Helen Lansdowne Resor: The Woman Who Understood Women
Helen Lansdowne Resor worked as a head copywriter in the New York City J. Walter Thompson agency. There, she came up with the line, “A skin you love to touch,” to positional Woodbury Soap and its female consumer as sensual. In 1911, this line was both sensual and scandalous, and yet, the campaign led to a one-thousand-percent increase in Woodbury sales over the span of eight years. Lansdowne Resor also owned other advertising firsts like the popularizing the use of celebrity testimonials and being the first woman to plan and execute a national ad campaign. She and her husband also created the a women’s editorial department at J. Walter Thompson because they believed campaign success depended on women consumers and understood that there was no better than women to understand those consumers. By the next year, the women’s department was responsible for more than half of the agency’s earnings.
Beyond the Spotlight
The women featured in this piece are pioneers who showed the world what’s possible in a male-dominated field. They’ve also shown that advertising has the power to shape culture. It’s the reason we might see someone sporting an “I Heart NY” shirt even if they’re in Oregon—and have never been to New York. It’s the reason engagement rings have become synonymous with diamond rings. Advertising has the power to break barriers and start conversations. And with that power, comes… you know the rest.
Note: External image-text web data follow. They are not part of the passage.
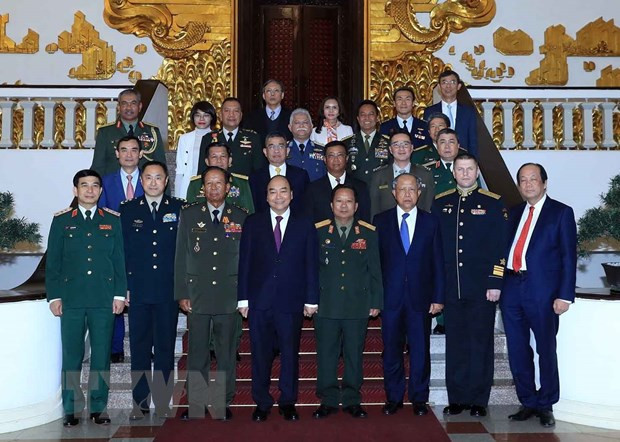 Recibe primer ministro de Vietnam a dirigentes militares extranjeros ảnh 1 Recibe primer ministro de Vietnam a dirigentes militares extranjeros ảnh 1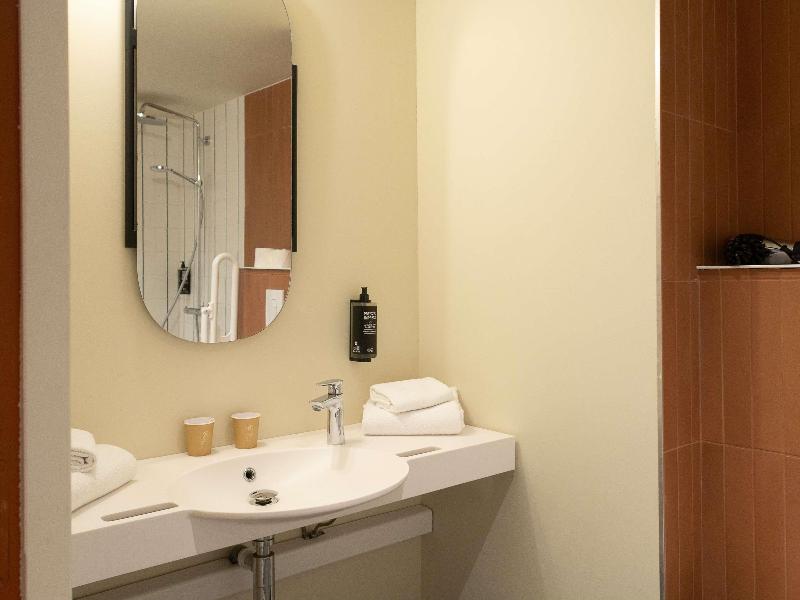 Ibis Styles Montauban image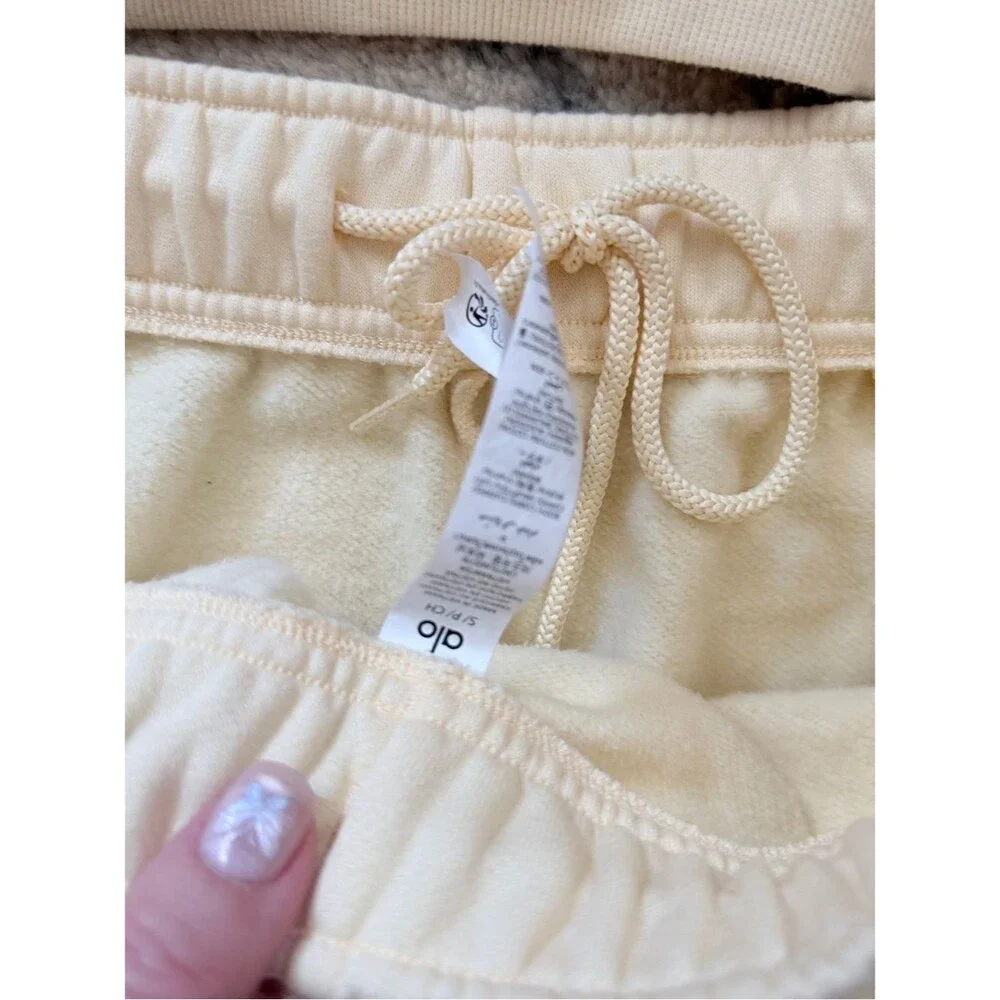 Alo-yoga Women's Candlelight yellow Accolade Crew and Shorts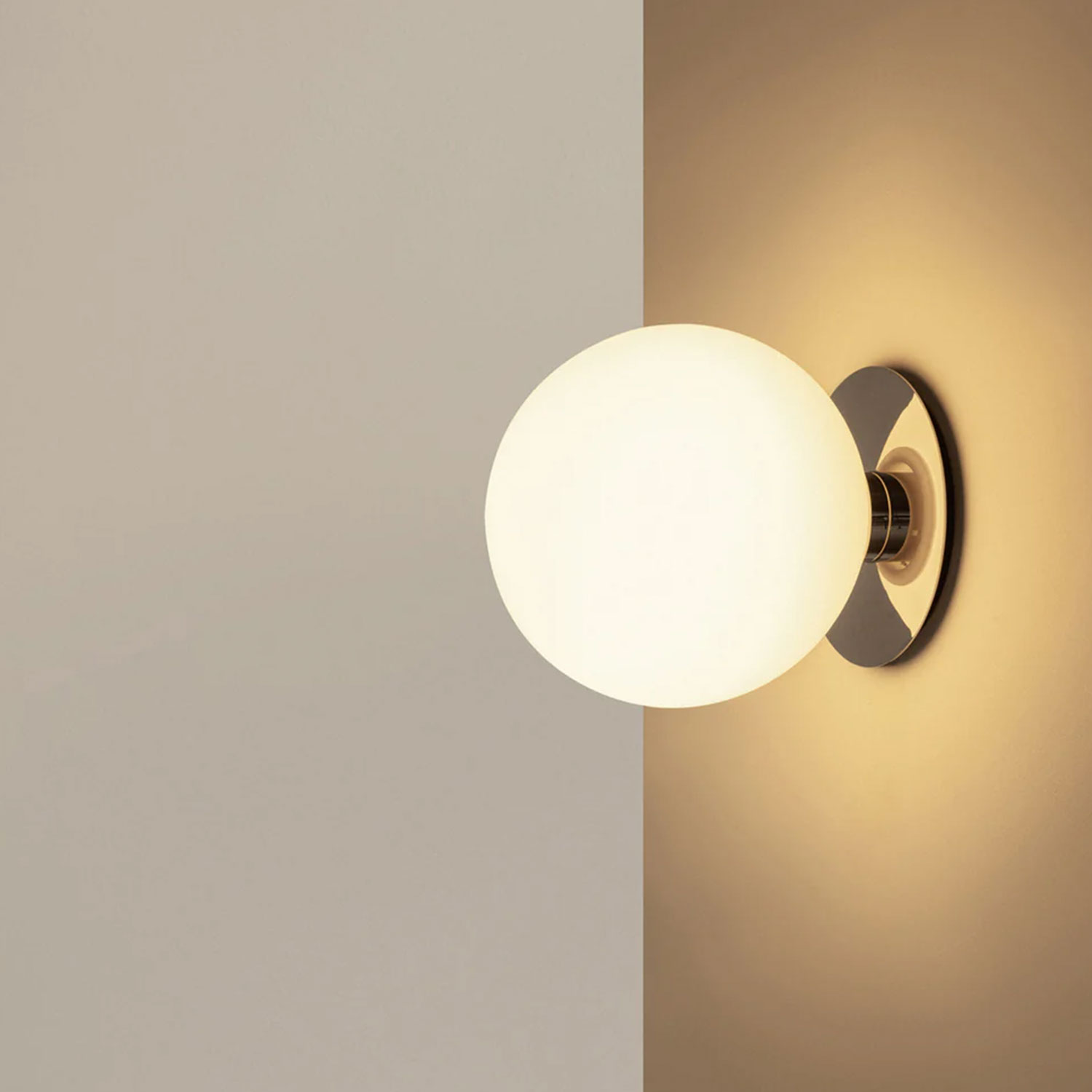 Audo - TR Bulb Decken- und Wandleuchte Messing / matt opal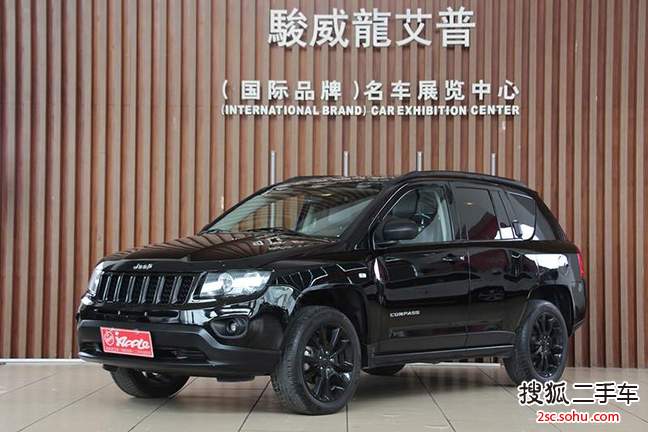 Jeep指南者2013款2.0L 两驱炫黑豪华版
It is our responsibility as advertisers to recognize the power we hold whether or not we intend to.
If you take one thing away from this piece, let it be that advertising can never truly speak to the masses if the industry itself does not reflect the very people it seeks to understand. And a true reflection is only possible when representation exists at all levels of organizational structure and beyond the seasonal spotlight.